On the Daily chart above, continuing from yesterday, price is currently still within the narrow downward or bearish channel, and, supported by the most recent price action: price break below previous days’ lows, which apparently include yesterday’s low @ 0.9977 (not highlighted), we are still anticipating further bearish movement toward the lower edge of the narrow bearish channel. Again, as discussed yesterday, while gunning for the lower edge of the channel, we would expect price to meet some hurdles around the most recent Daily swing low – the current year-low @ 0.9915 (which we’ve highlighted using the blue broken line). From a day-trade perspective, our bias remains bearish while keeping the critical 0.9915 support level in mind.
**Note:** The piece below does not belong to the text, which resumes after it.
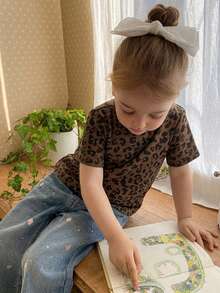 Dazy Kids Toddler Girls' Street Casual Leopard Print Round Neck Short Sleeve Top - Coffee Brown - View 2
On the H4 chart above, price has broken the most recent swing low @ 0.9977 (which we’ve highlighted using the upper blue broken line) downward. That automatically sustains our bias in favor of a downward price move. The critical support level – the current year-low @ 0.9915 (that we’ve highlighted using the lower blue broken line), which we discussed on the Daily chart, is seen on the H4 chart. We have about a 60-pip gap between current price position and the year-low @ 0.9915: a moderate distance allowing us to seek Hourly Short trades from a day-trade perspective
The white horizontal line @ 1.0026 highlights the most recent swing high, and as long as price stays below it – in the absence of any new and lower swing high – our bearish or downward bias remains intact.
However, we still need our Hourly charts – using Fibonacci retracement levels and important resistance levels – to seek promising areas to take our Short positions. Price pattern on the Hourly must also be forming lower highs and lower lows. Please note that our aim is to sell a rally in today’s down-trend.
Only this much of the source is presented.